If pictures appear in the lines below, skip them and copy exactly the lines from the one containing "Turnstone; Vuelvepiedras" through the one containing "Buriti - Grande", and nothing else.

Material supplied below:

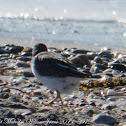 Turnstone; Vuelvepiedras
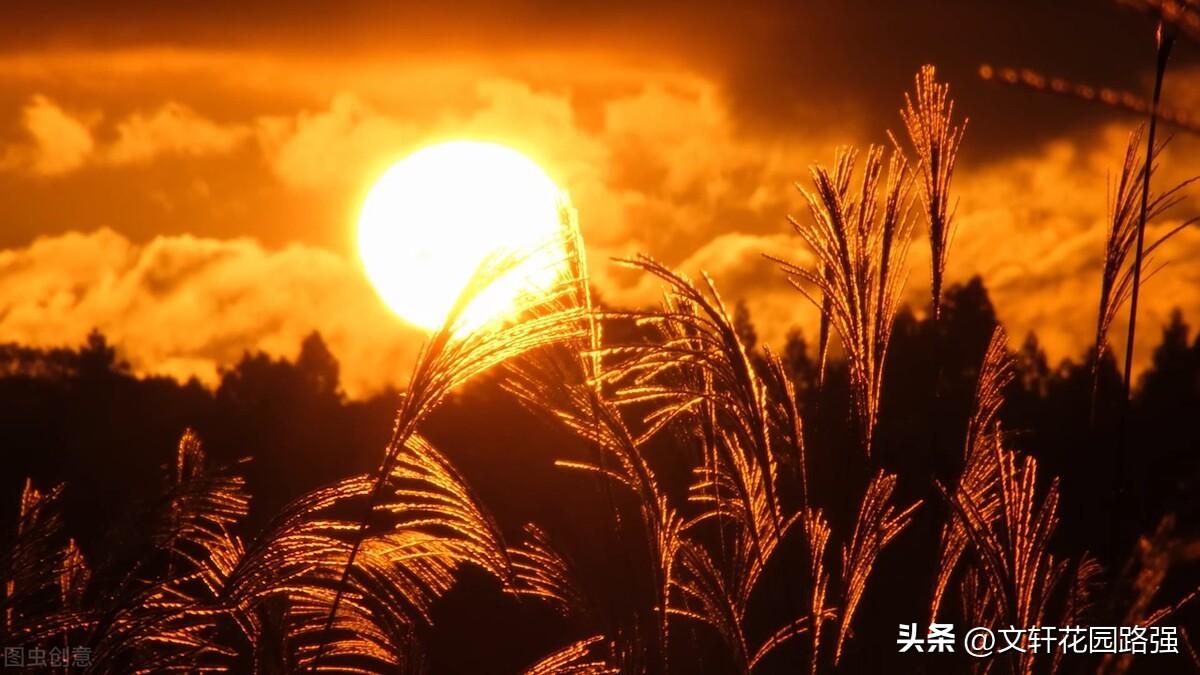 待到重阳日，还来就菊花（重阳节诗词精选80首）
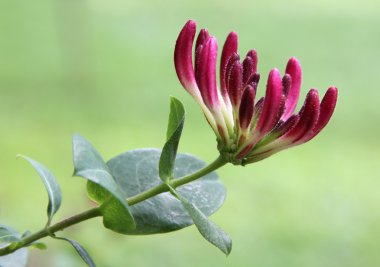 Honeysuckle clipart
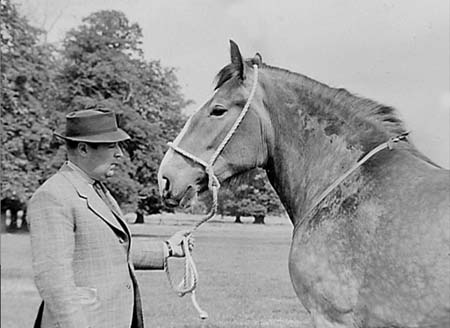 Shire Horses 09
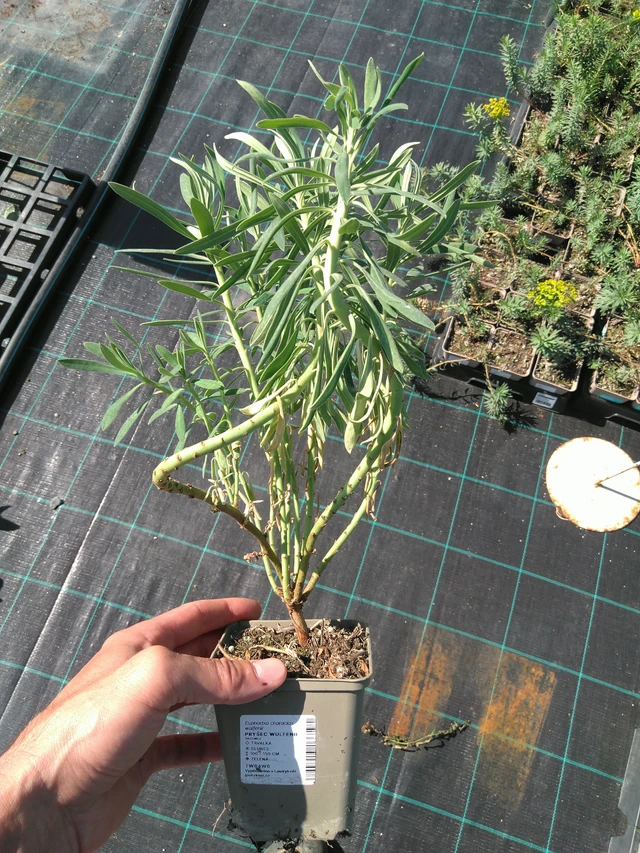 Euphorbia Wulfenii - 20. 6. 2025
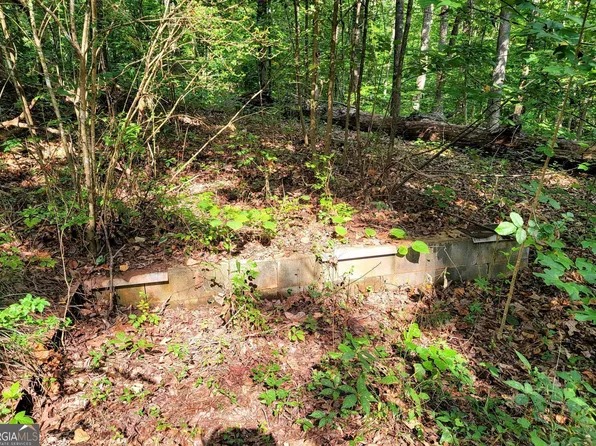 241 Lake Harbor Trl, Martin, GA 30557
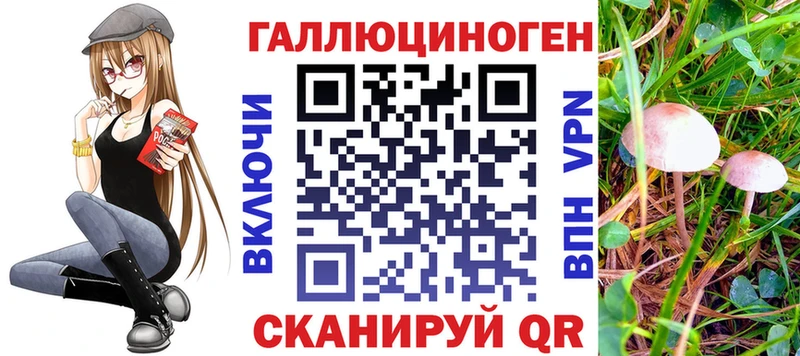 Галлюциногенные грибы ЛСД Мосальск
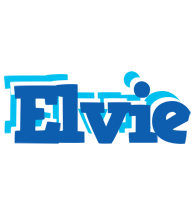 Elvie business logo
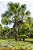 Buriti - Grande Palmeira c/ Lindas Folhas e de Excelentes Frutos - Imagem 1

End of Material supplied.
Material supplied below:

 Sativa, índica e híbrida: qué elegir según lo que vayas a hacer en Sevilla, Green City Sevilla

End of Material supplied.
Material supplied below:

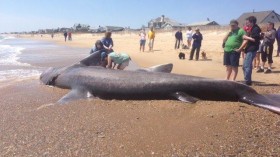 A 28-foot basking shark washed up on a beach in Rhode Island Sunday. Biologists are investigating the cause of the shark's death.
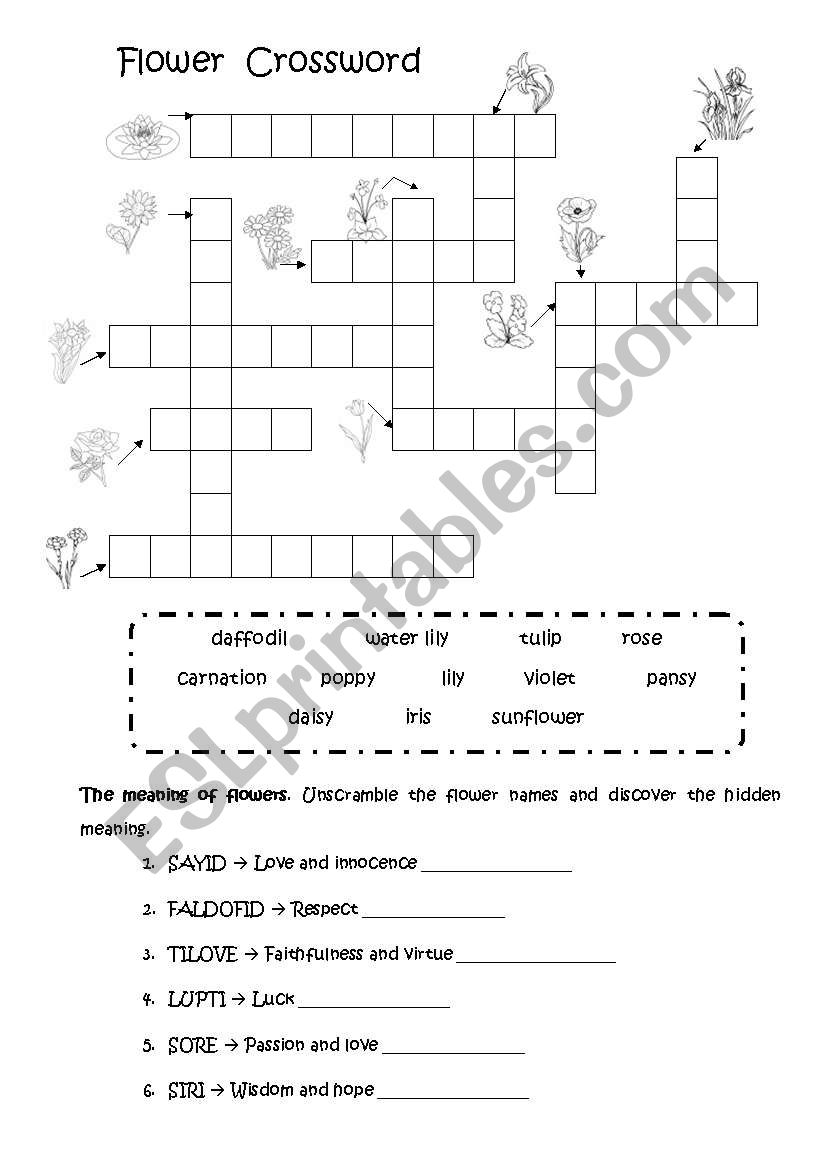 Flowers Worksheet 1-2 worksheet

End of Material supplied.

Solution to this problem >>
 Turnstone; Vuelvepiedras
 待到重阳日，还来就菊花（重阳节诗词精选80首）
 Honeysuckle clipart
 Shire Horses 09
 Euphorbia Wulfenii - 20. 6. 2025
 241 Lake Harbor Trl, Martin, GA 30557
 Галлюциногенные грибы ЛСД Мосальск
 Elvie business logo
 Buriti - Grande Palmeira c/ Lindas Folhas e de Excelentes Frutos - Imagem 1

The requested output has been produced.